WHAT THE TASK REQUIRES
Transcribe only the lines in the data below falling between the line with "COLLEGIATE ACRES - Residential" and the line with "Foto del edificio - 1006 Paradise Rd", including those two lines, and leave out any picture.

-------

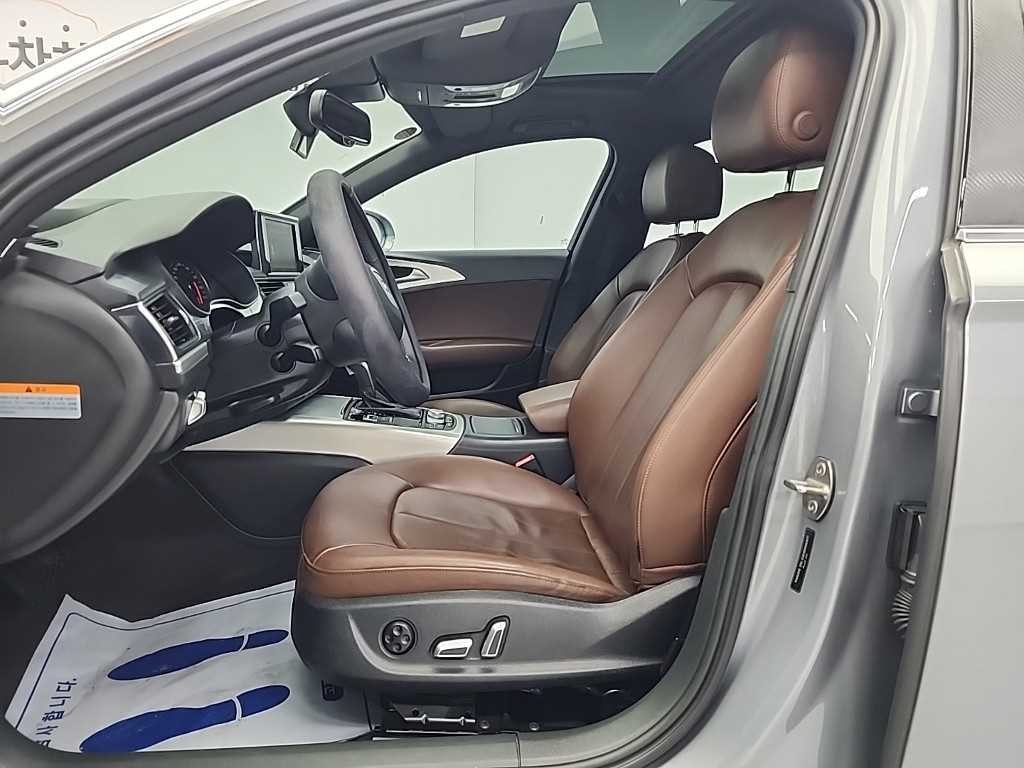 아우디 A6 뉴A6 40 TFSI 기본형 이미지 11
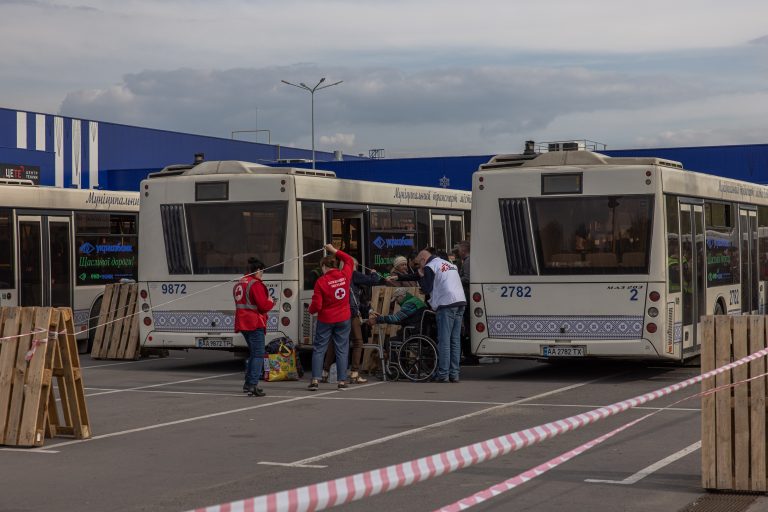 Túlterhelten, kimerülve, sápadtan és soványan érkeztek meg a mariupoli evakuáltak Zaporizzsjába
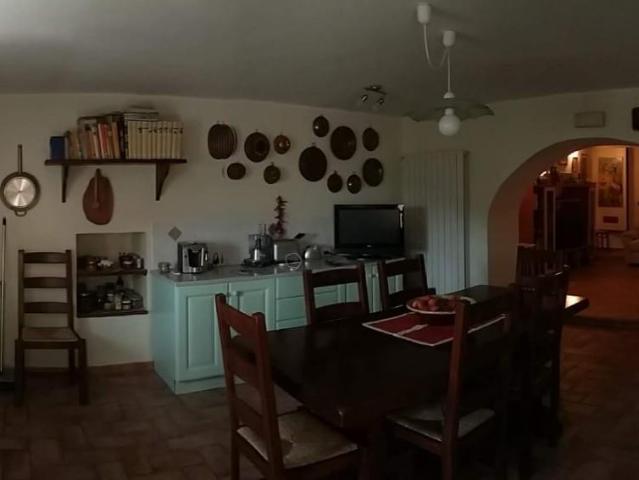 Casa indipendente in vendita, Carrara fossola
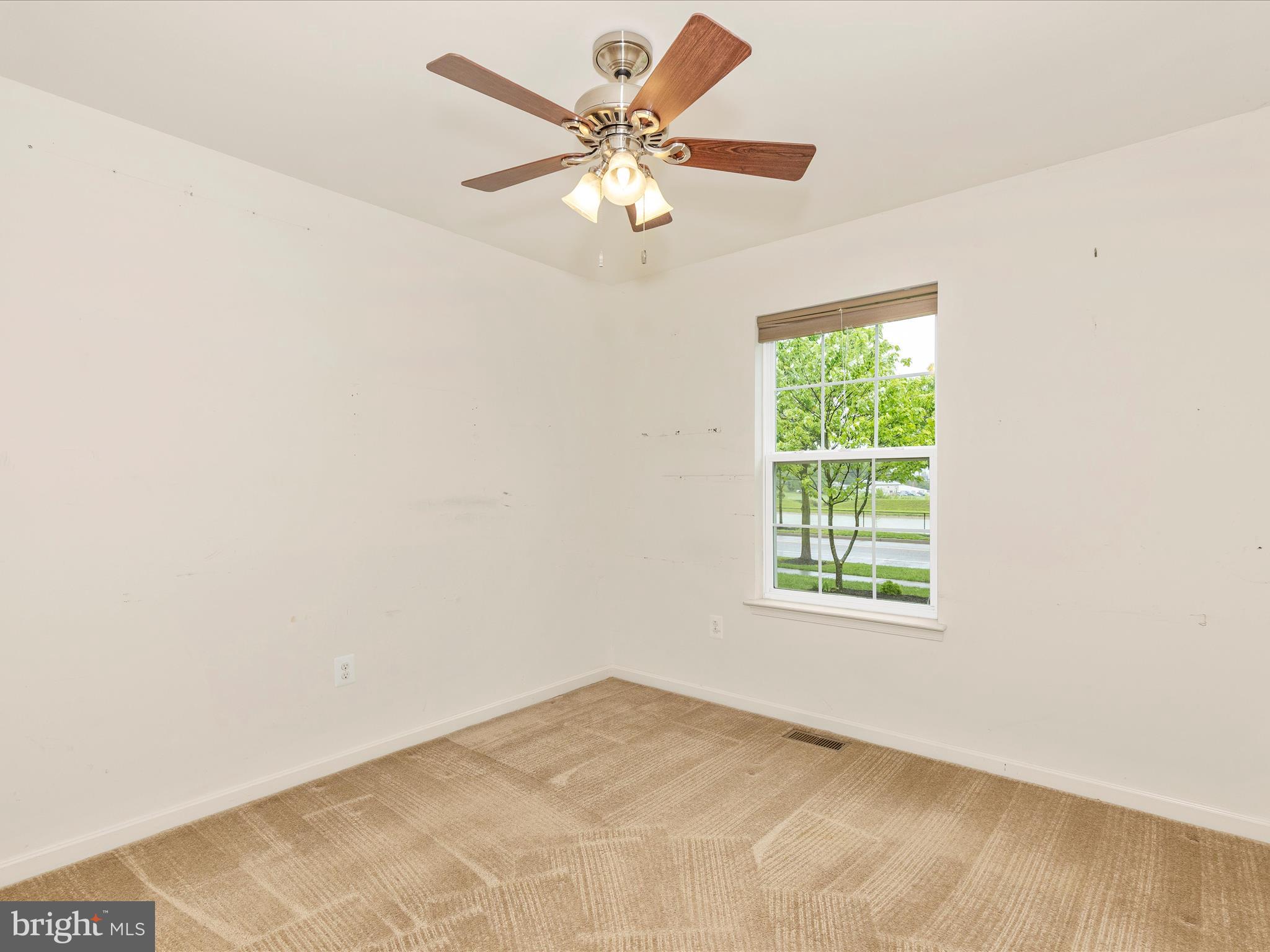 COLLEGIATE ACRES - Residential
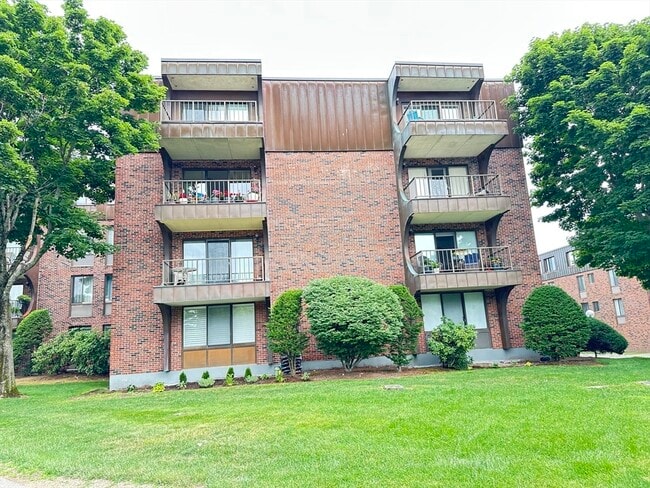 Foto del edificio - 1006 Paradise Rd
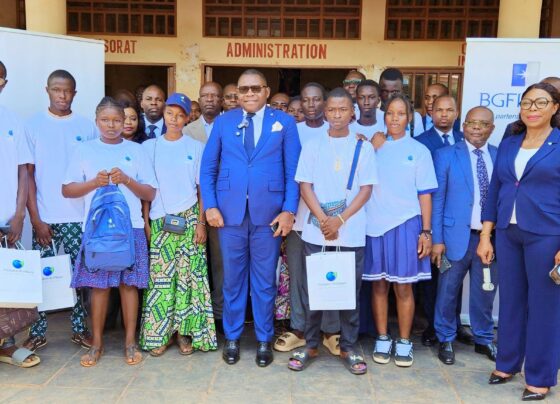 La Fondation BGFIBank a organisé la 4e édition de son activité « Un banquier dans ma classe » en Centrafrique. Pour cette édition, BGFIBank Centrafrique a choisi le Lycée Miskine pour échanger avec environ 500 élèves des classes de terminale et de troisième.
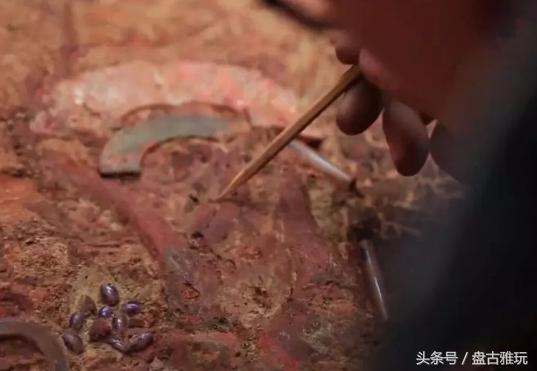 玉沁怎么断代,古玉沁色熟了怎么办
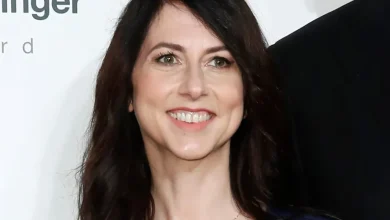 MacKenzie Scott says her college roommate loaned her $1,000 so she wouldn't have to drop out—and is now inspiring her to give away billions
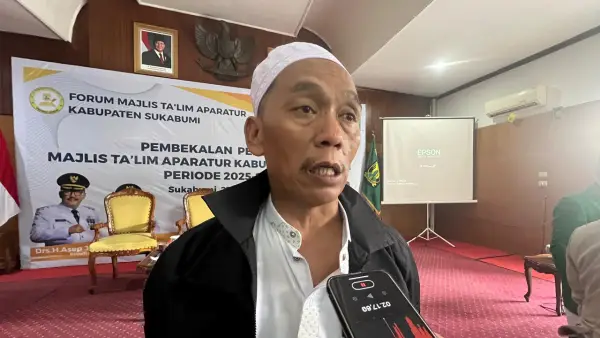 Sekretaris Umum MUI Kabupaten Sukabumi, Ujang Hamdun saat diwawancarai. (Sumber: Istimewa)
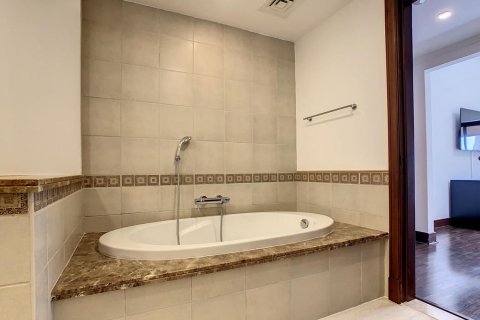 Apartman u Palm Jumeirah, Dubai, UAE 2 spavaćih soba, 194.79 m2 Br. 749797 - fotografija 7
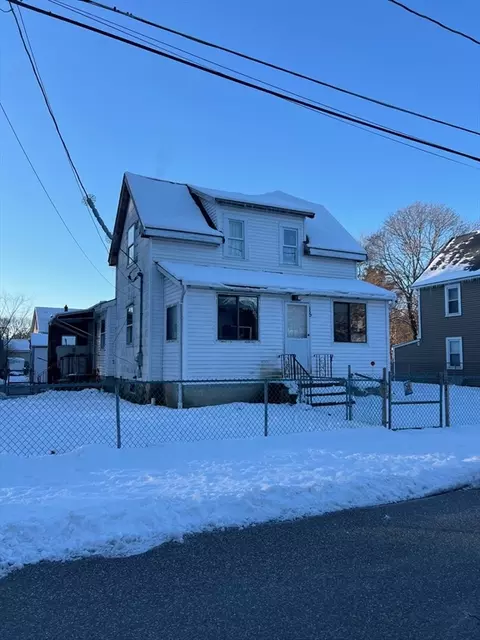 15 Mystic Ave, Wilmington, MA 01887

-------

ANSWER AREA
 COLLEGIATE ACRES - Residential
 Foto del edificio - 1006 Paradise Rd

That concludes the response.